On Friday, Cleveland Federal Reserve President Loretta Mester said she sees no evidence of inflation having peaked, and supports a series of aggressive rate hikes to further tame inflation.
Mester said in a live interview, “I think the Fed has shown that we’re in the process of recalibrating our policy to get inflation back down to our 2% goal. That’s the job before us. I don’t want to declare victory on inflation before I see really compelling evidence that our actions are beginning to do the work in bringing down demand in better balance with aggregate supply.”
Although slowing home sales, the jobs report failing to meet estimates on earnings, and other recent data-points would point to a slowing of the economy and inflation, Mester says she would need to see multiple months of that type of data until she will feel inflation has been controlled.
Mester said, “It’s too soon to say that that’s going to change our outlook or my outlook on policy.

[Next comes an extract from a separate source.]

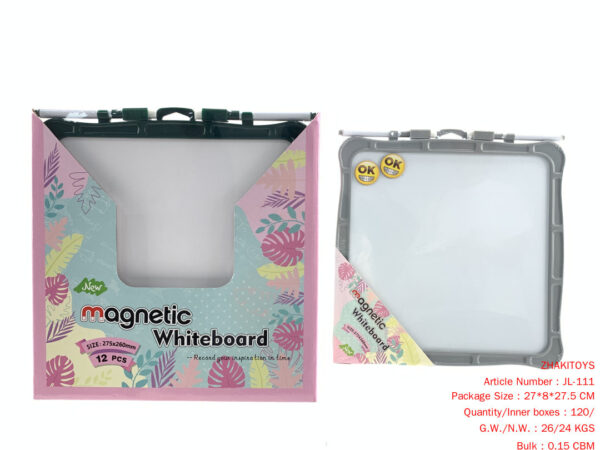 Magnetic White-Board Square (Double-Sided White)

The No. 1 problem in the economy remains very, very high inflation, well above acceptable levels, and that’s got to be our focus going forward.”
Recent statements have indicated investors can expect half point rate hikes from the Fed in the June and July meetings. At that point, officials will evaluate the effects of those hikes and the state of the economy, before plotting their next moves.
However Mester indicated that it was highly unlikely the Fed would halt rate increases at that point, though they could be reduced in size.
She went on to say, “I’m going to come into the September meeting, if I don’t see compelling evidence [that inflation is cooling], I could easily be at 50 basis points in that meeting as well. There’s no reason we have to make the decision today. But my starting point will be do we need to do another 50 or not, have I seen compelling evidence that inflation is on the downward trajectory. Then maybe we can go 25. I’m not in that camp that we think we stop in September.”